Nothing but an exact copy is asked for: the lines in the material below from the one with "DA4 9HW map" through the one with "明賀健太さん（メンズ・178cm）の秋コーディネート", pictures excluded.

> [Excerpted records]
◆ ◆ ◆ ◆

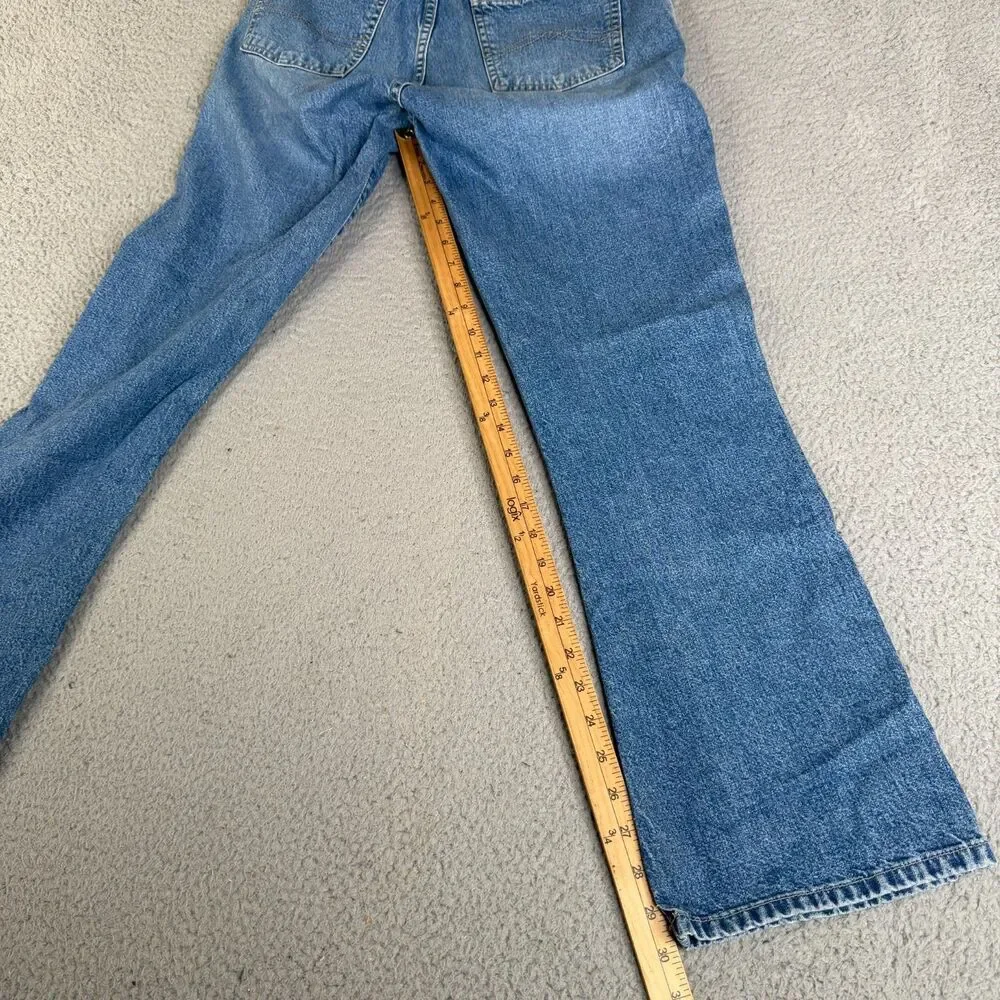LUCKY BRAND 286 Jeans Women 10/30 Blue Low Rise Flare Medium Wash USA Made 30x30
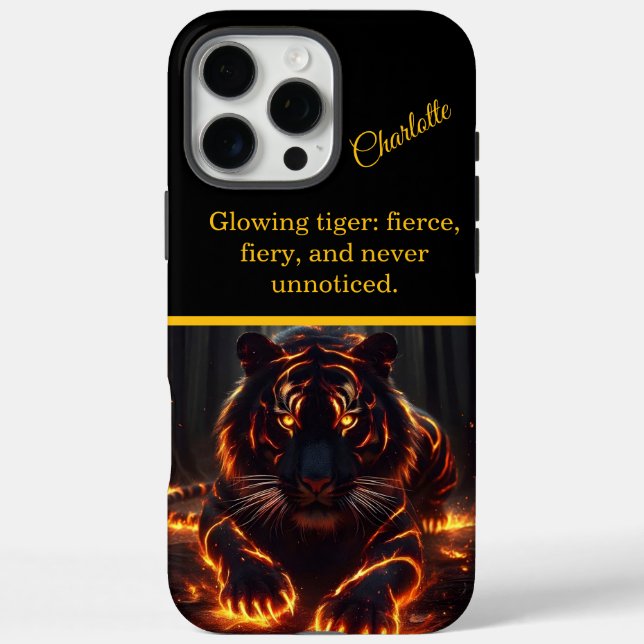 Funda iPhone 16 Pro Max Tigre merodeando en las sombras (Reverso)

◆ ◆ ◆ ◆

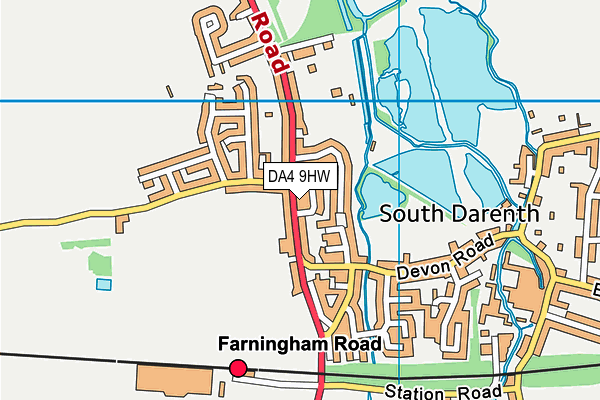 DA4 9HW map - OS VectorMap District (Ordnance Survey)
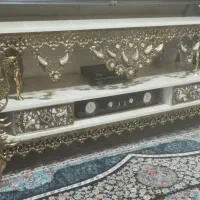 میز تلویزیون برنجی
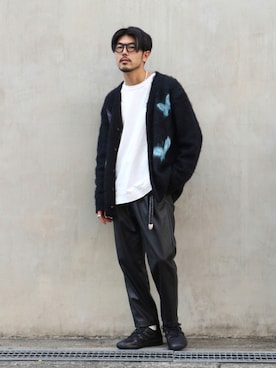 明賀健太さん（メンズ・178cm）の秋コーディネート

◆ ◆ ◆ ◆

> [Response area]
 DA4 9HW map - OS VectorMap District (Ordnance Survey)
 میز تلویزیون برنجی
 明賀健太さん（メンズ・178cm）の秋コーディネート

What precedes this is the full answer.